[Image-caption web data]
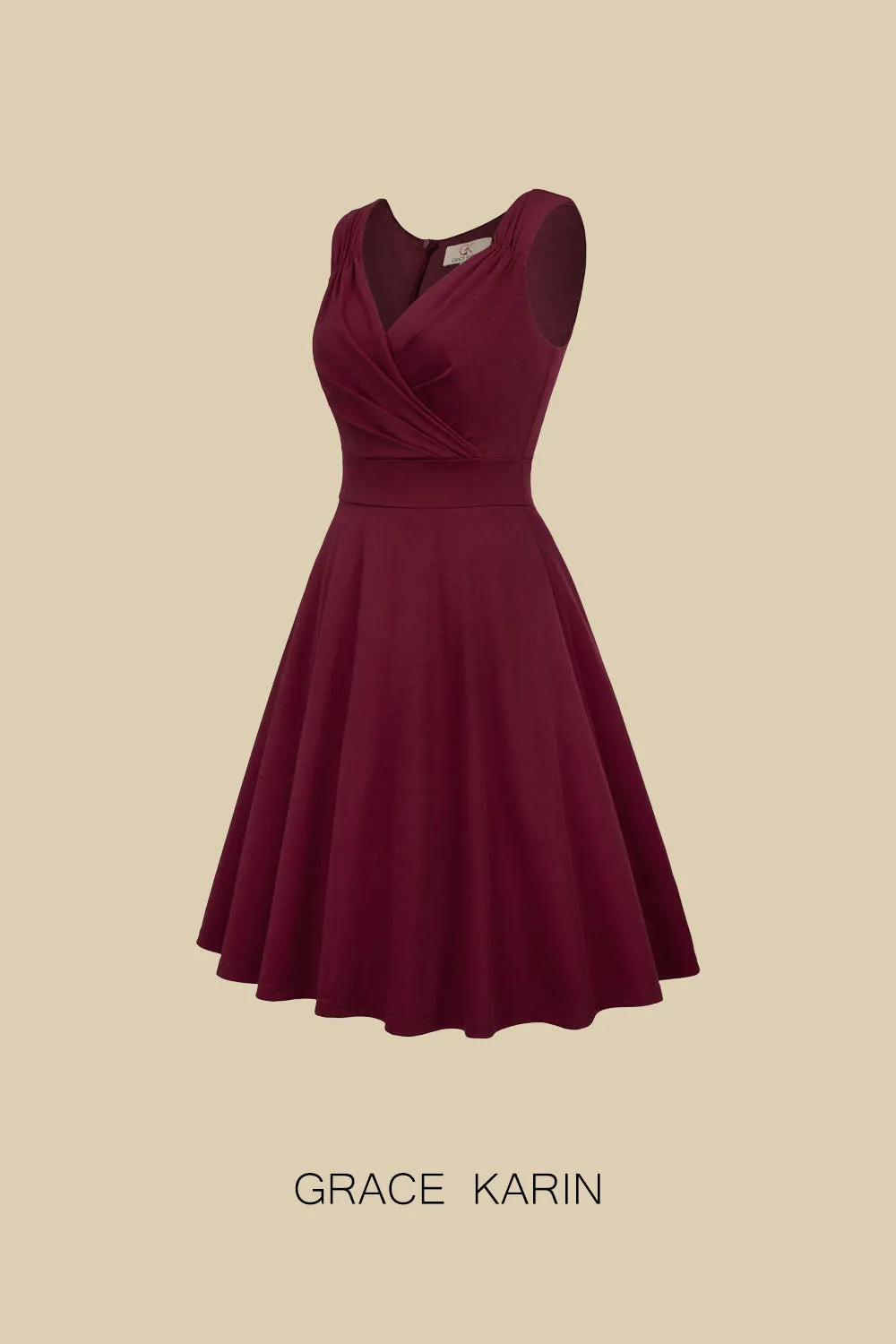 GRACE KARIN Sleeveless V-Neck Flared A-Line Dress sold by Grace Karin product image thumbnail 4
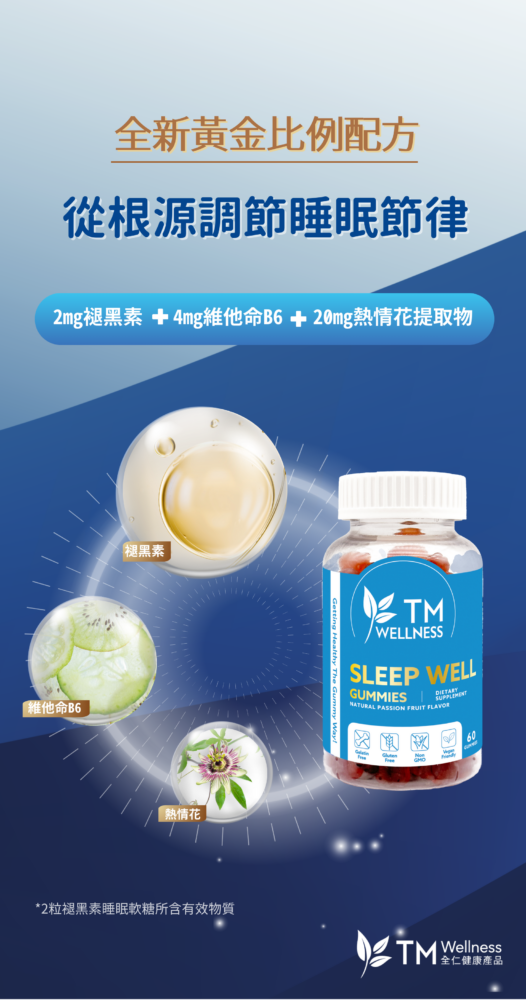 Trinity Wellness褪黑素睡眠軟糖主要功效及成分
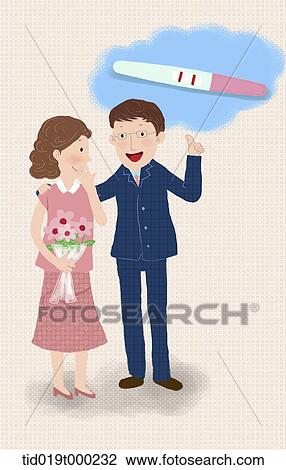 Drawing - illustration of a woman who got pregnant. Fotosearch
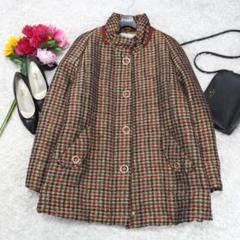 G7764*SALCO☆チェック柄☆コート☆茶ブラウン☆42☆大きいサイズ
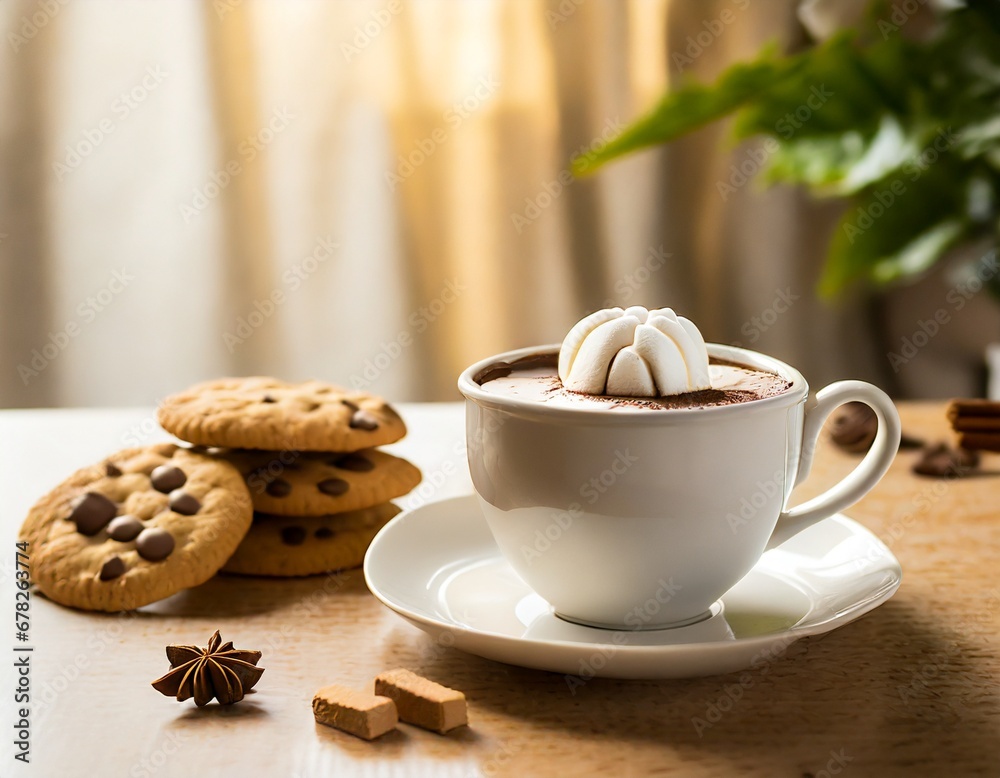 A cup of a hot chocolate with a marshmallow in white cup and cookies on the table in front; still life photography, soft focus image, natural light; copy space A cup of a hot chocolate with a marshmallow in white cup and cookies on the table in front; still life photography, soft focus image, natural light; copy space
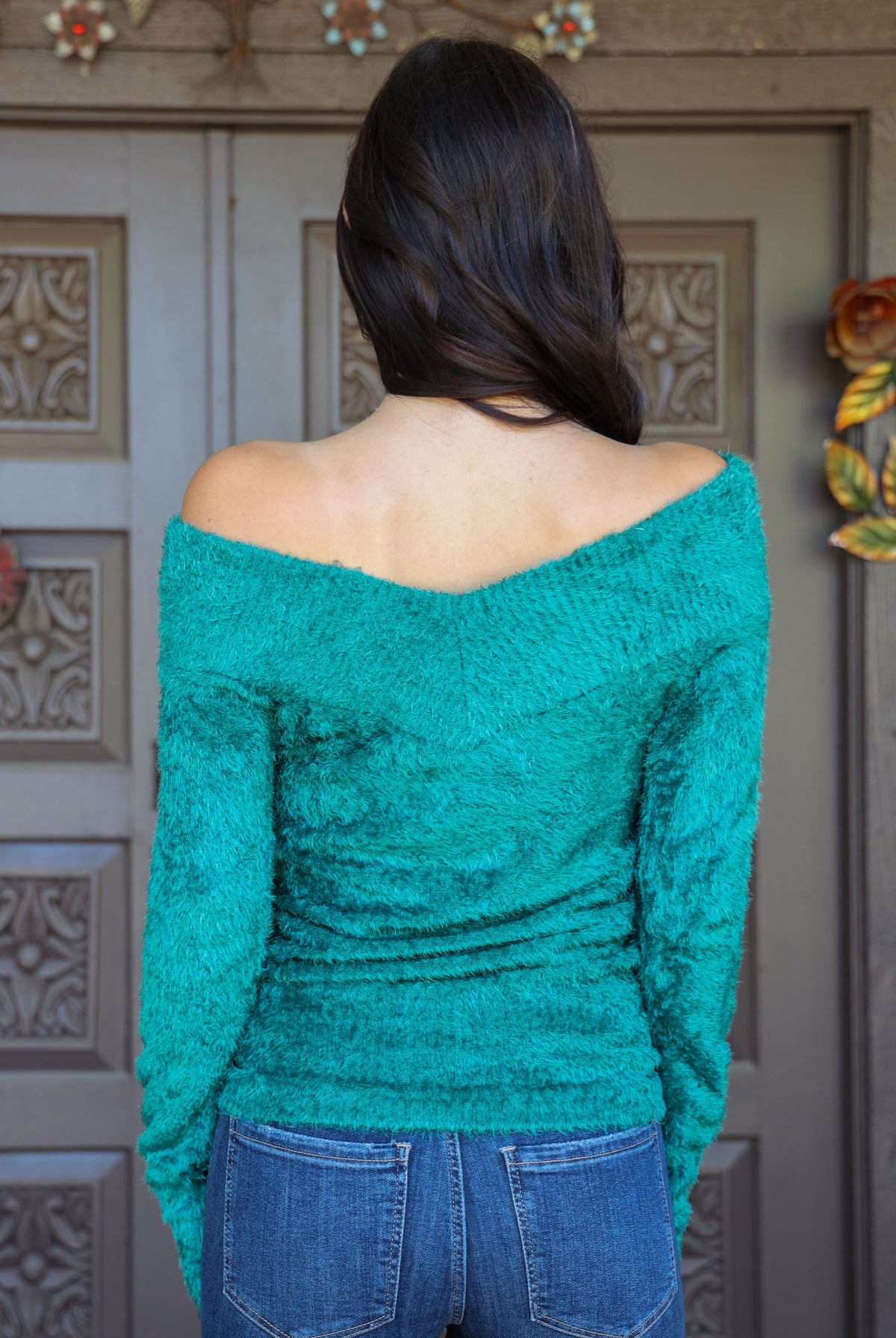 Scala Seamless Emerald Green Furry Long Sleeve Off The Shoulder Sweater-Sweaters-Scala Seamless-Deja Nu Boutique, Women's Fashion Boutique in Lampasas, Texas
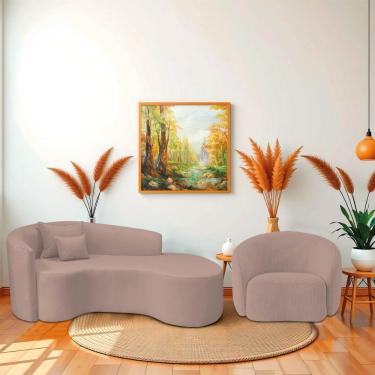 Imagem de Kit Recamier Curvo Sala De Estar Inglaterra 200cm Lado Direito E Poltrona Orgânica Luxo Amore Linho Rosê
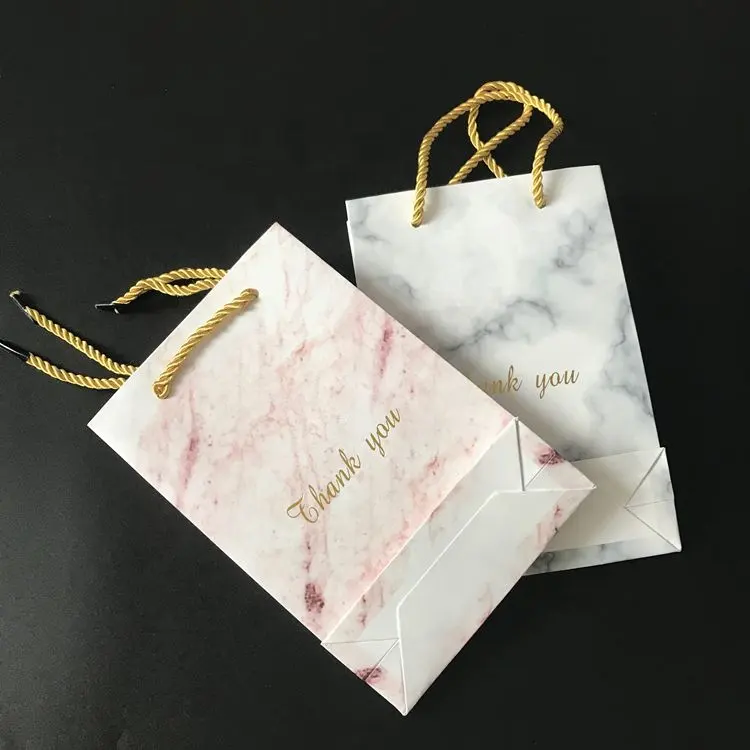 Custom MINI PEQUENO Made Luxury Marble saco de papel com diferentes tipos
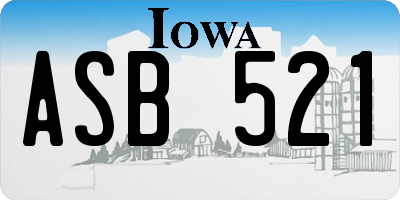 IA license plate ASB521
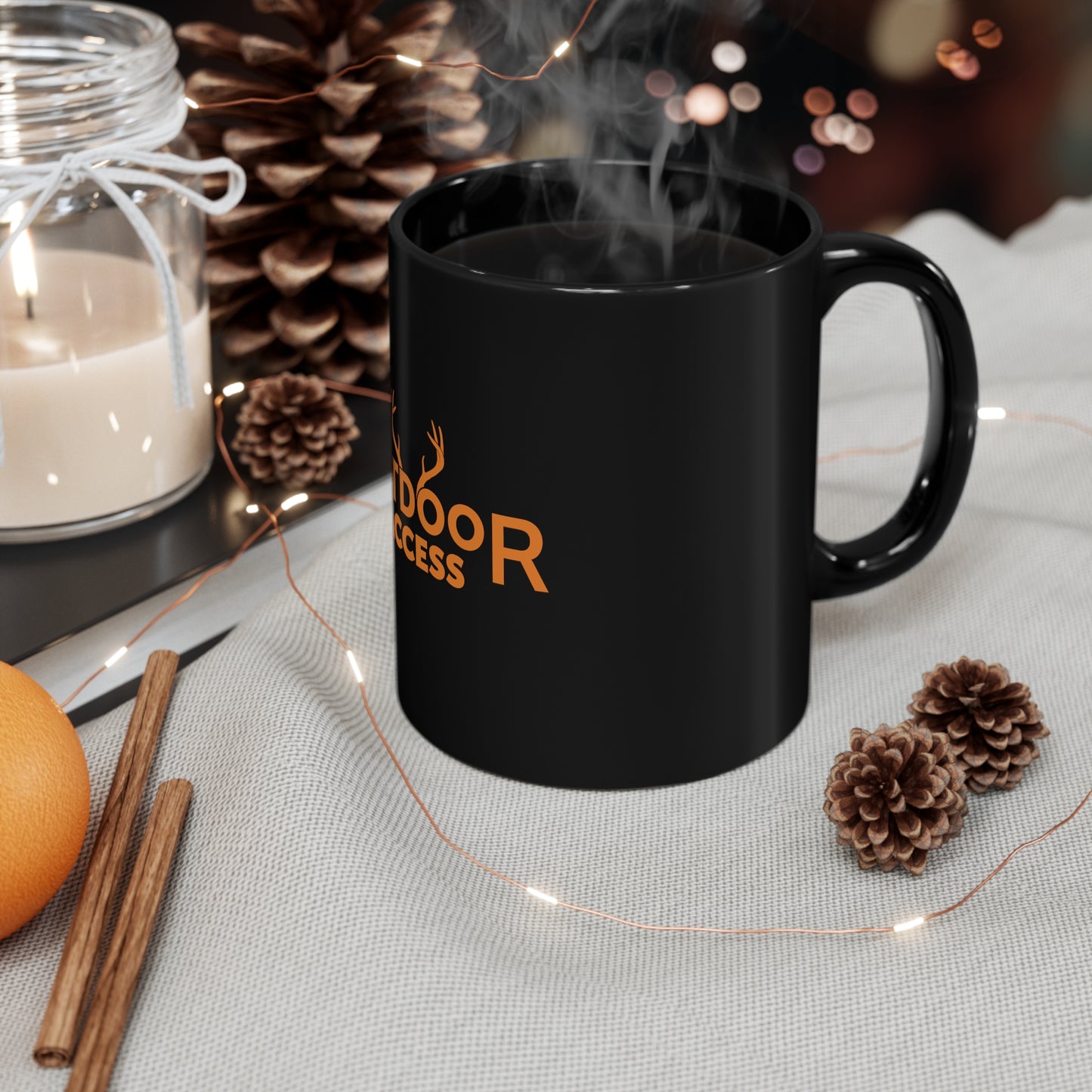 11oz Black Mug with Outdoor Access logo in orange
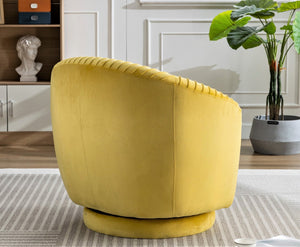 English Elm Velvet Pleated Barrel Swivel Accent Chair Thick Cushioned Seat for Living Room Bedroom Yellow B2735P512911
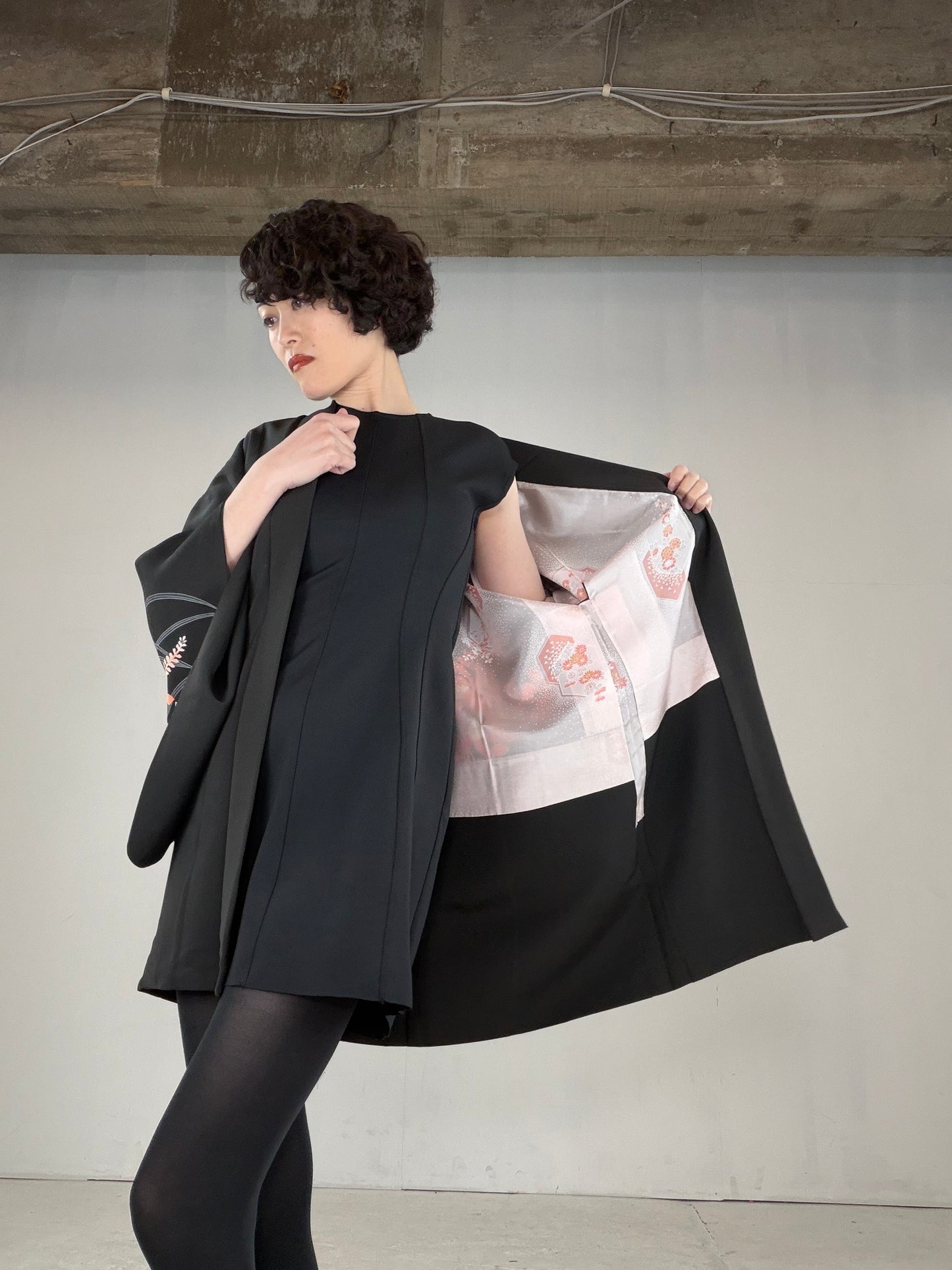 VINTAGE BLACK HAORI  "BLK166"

**Work instruction:**
Give again, exactly as written above, every line from the one holding "Imagem de Kit" to the one holding "11oz Black Mug", with both ends kept and the pictures left out.

**Reply to the task:**
 Imagem de Kit Recamier Curvo Sala De Estar Inglaterra 200cm Lado Direito E Poltrona Orgânica Luxo Amore Linho Rosê
 Custom MINI PEQUENO Made Luxury Marble saco de papel com diferentes tipos
 IA license plate ASB521
 11oz Black Mug with Outdoor Access logo in orange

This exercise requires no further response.